Moody’s Investors Service changed its rating outlook on B.F. Saul Real Estate Investment Trust and subsidiary Chevy Chase Bank F.S.B. to negative from stable because of deteriorating prospects for their financial metrics resulting from the stress Chevy Chase’s mortgage banking business is experiencing. Chevy’s profitability has trailed that of peers due to a comparatively high overhead ratio for some time, and more recently has suffered because of the disruption in the non-conforming residential mortgage-backed securities market, the ratings agency said.

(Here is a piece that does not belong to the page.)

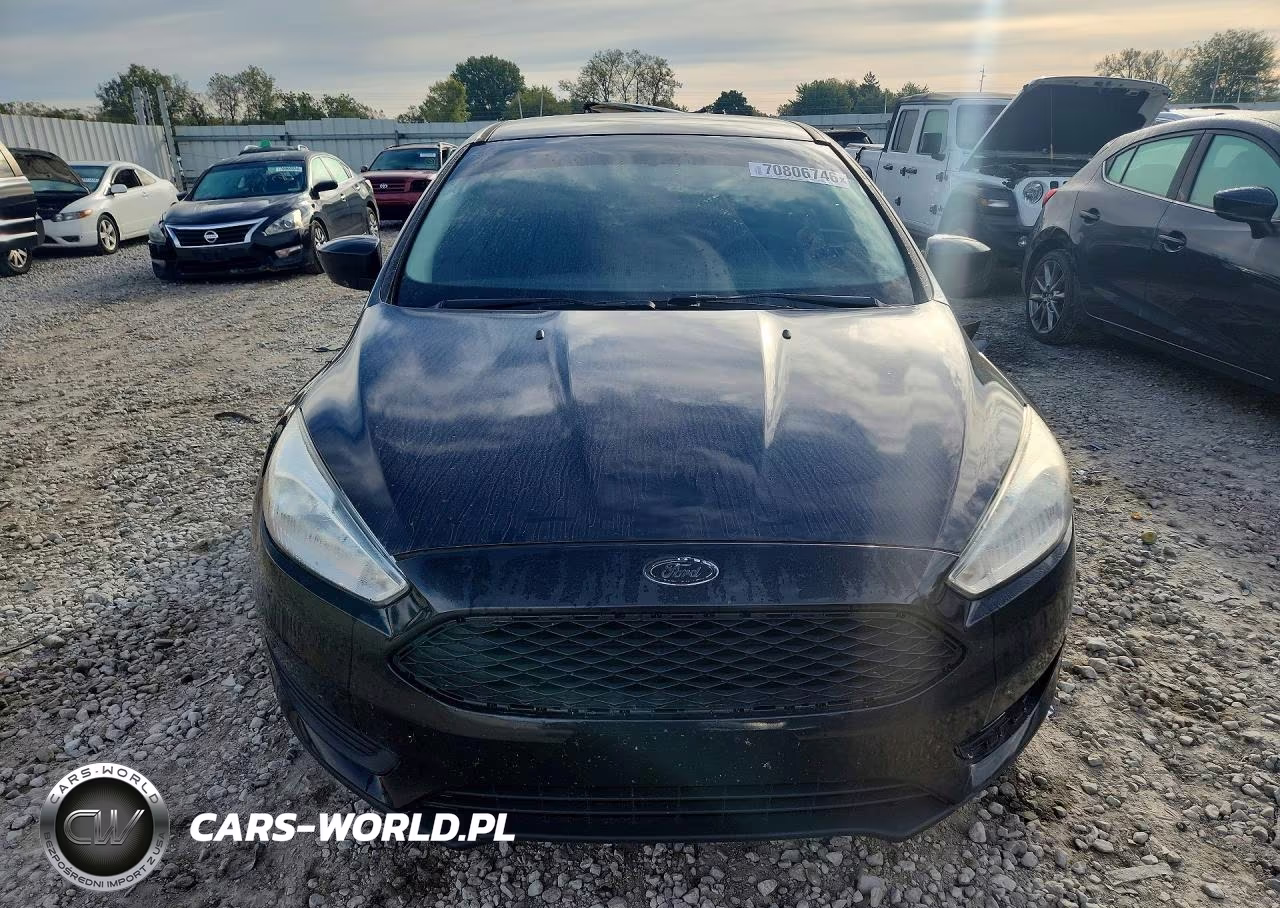 2018 Ford Focus Se VIN:1FADP3K28JL294878 - 5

Former Freddie Mac Chairman and Chief Executive Officer Leland C. Brendsel will disgorge $10.5 million of previously paid salary and bonuses as part of his consent to an order in settlement of an administrative enforcement action by the Office of Federal Housing and Enterprise Oversight, the regulator announced. He also agreed to pay the government $2.5 million and waive claims against Freddie for additional compensation of $3.4 million. OFHEO alleged Brendsel failed to have adequate internal controls for accounting and allowing improper earnings management that led to Freddie operating in an unsafe and unsound manner.

Kaplan Fox & Kilsheimer LLP announced it is suing Countrywide Capital V , and Countrywide Financial Corp. and certain executives on behalf of all who purchased CCV preferred stock in connection with a Nov. 1, 2006, initial public offering through Aug. 9, 2007. The law firm alleges Countrywide made materially false statements about its business and financial condition.

Hagens Berman Sobol Shapiro LLP is the latest law firm to announce class action litigation against Washington Mutual Inc. for alleged federal securities law violations. The firm, which represents purchasers of WaMu common stock during April 18, 2006, through Nov. 1, 2007, accuses WaMu of artificially inflating mortgage underwriting and origination volume, under-reporting its true costs, failing to take adequate reserves for mortgages, engaging in a conspiracy to inflate property appraisals that served to manipulate accounting for revenues.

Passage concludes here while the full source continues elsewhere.